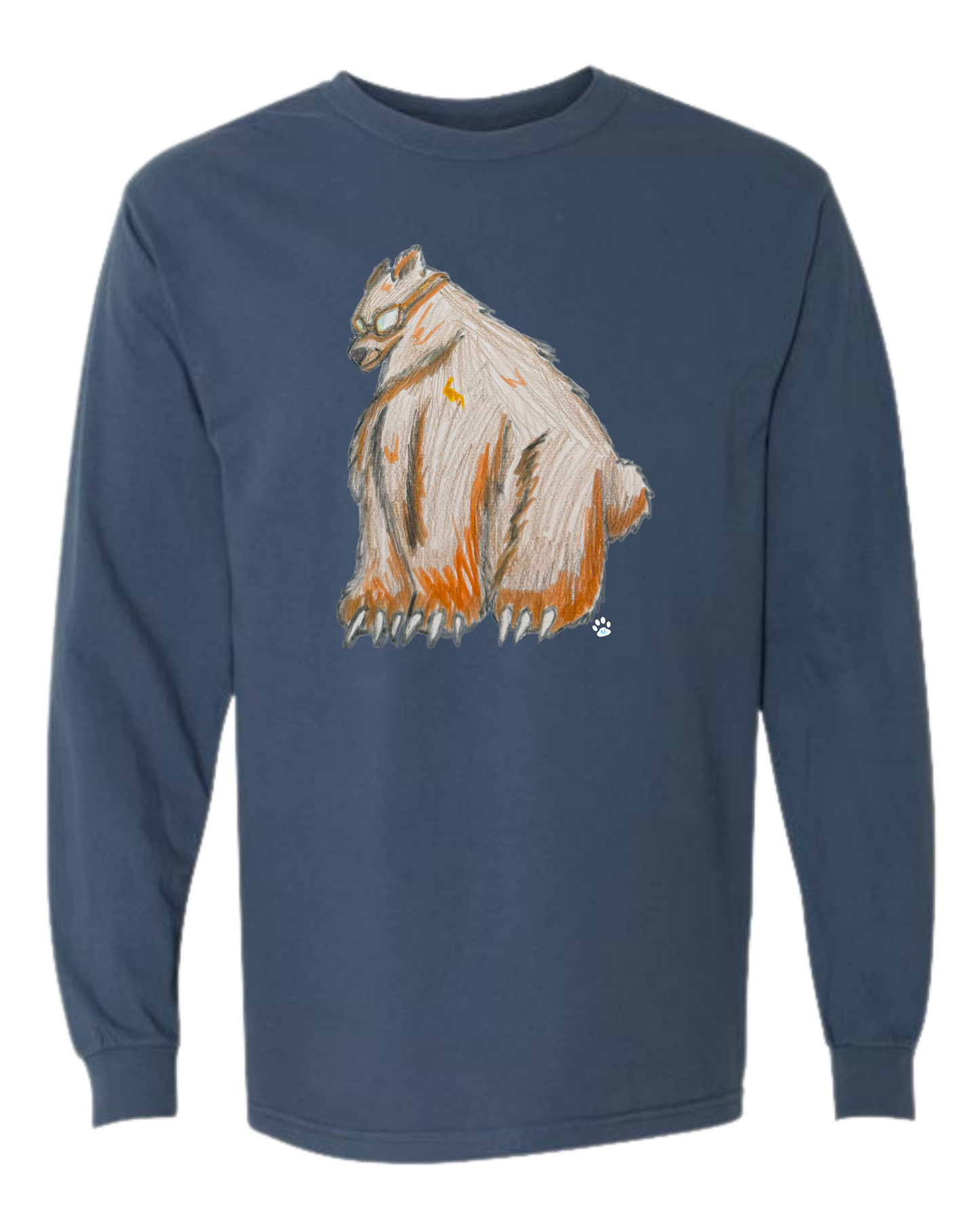 Muscle Bear - Comfort Colors - Heavyweight Long Sleeve Tee - Blues & Greens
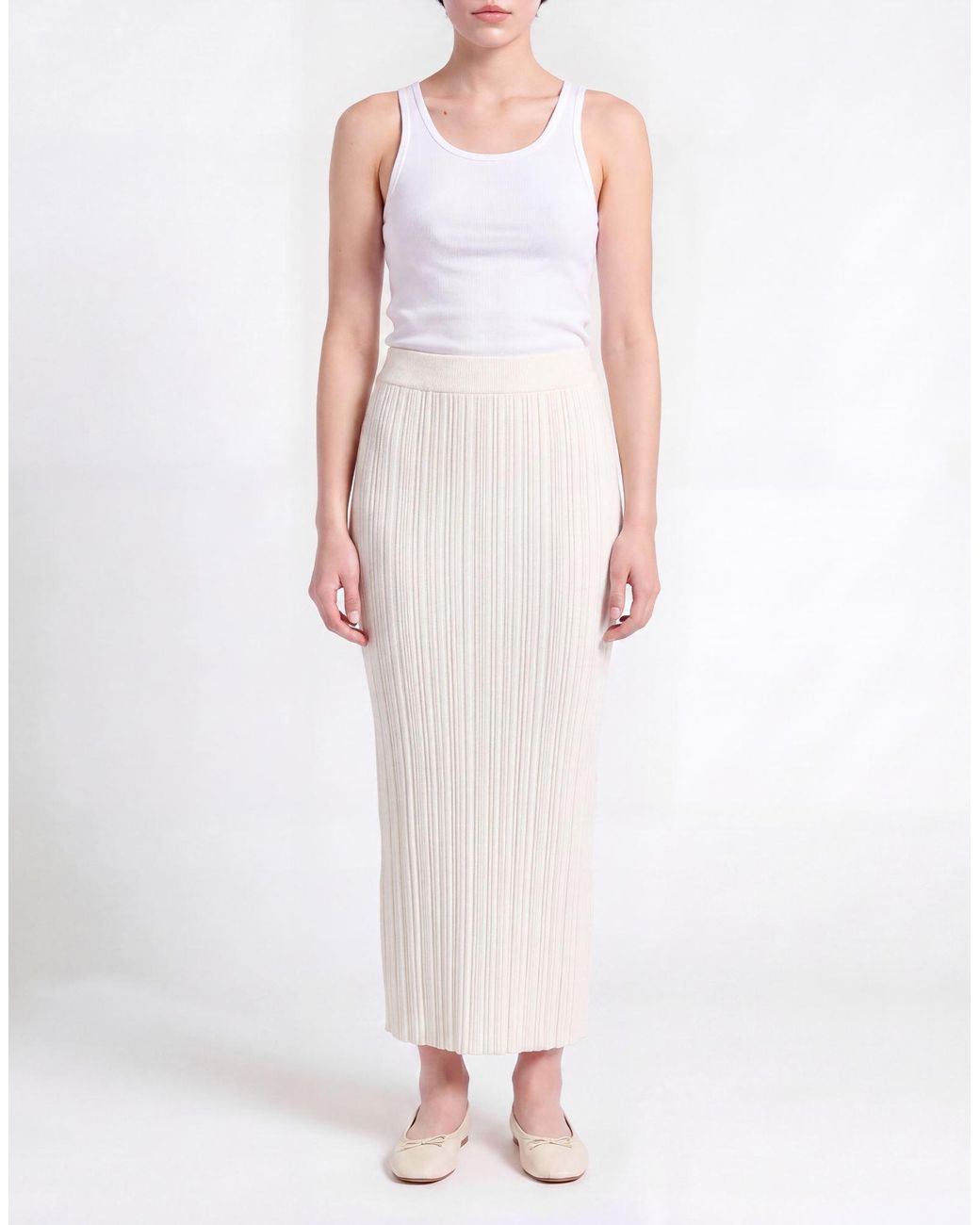 La Petite Robe Di Chiara Boni White Midi Skirt Viscose, Polyester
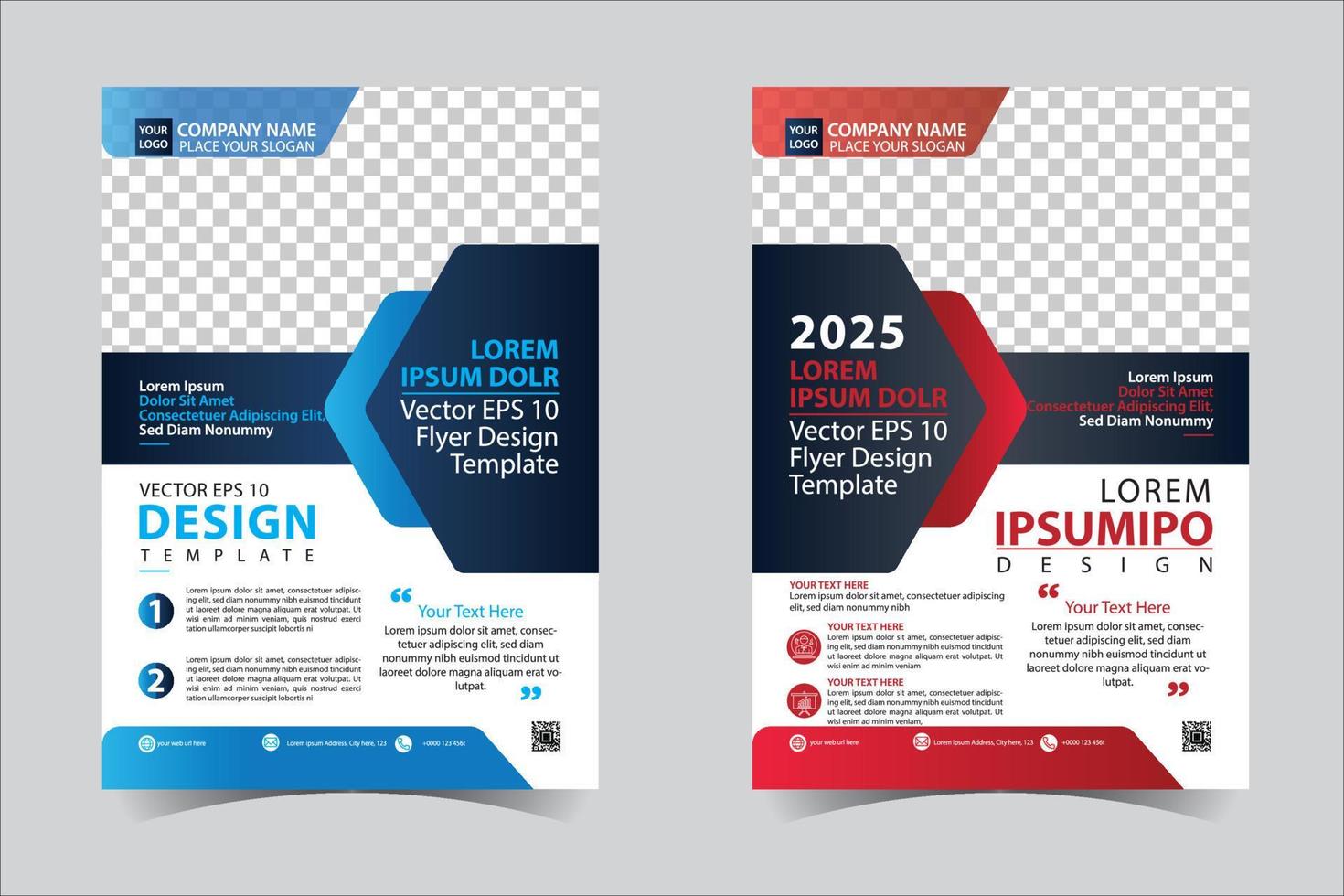 Blue and Red business annual report brochure flyer design template vector, Leaflet cover presentation abstract geometric background, modern publication poster magazine, layout in A4 size Free Vector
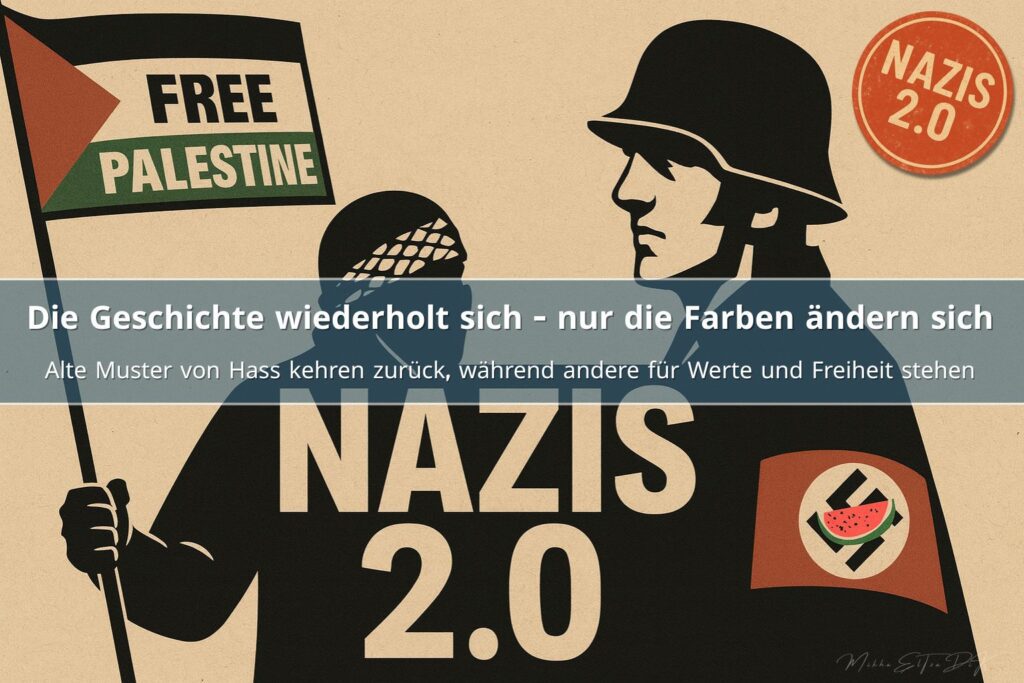 Illustration zeigt einen vermummten pro-palästinensischen Demonstranten mit Free-Palestine-Flagge gegenüber einer Figur im NS-Stil. In der Mitte steht der Schriftzug Nazis 2.0 als Kritik an modernem Judenhass.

▸ **Activity**: Transcribe the whole of the data exactly, minus any pictures.

▸ **Response**:
 Muscle Bear - Comfort Colors - Heavyweight Long Sleeve Tee - Blues & Greens
 La Petite Robe Di Chiara Boni White Midi Skirt Viscose, Polyester
 Blue and Red business annual report brochure flyer design template vector, Leaflet cover presentation abstract geometric background, modern publication poster magazine, layout in A4 size Free Vector
 Illustration zeigt einen vermummten pro-palästinensischen Demonstranten mit Free-Palestine-Flagge gegenüber einer Figur im NS-Stil. In der Mitte steht der Schriftzug Nazis 2.0 als Kritik an modernem Judenhass.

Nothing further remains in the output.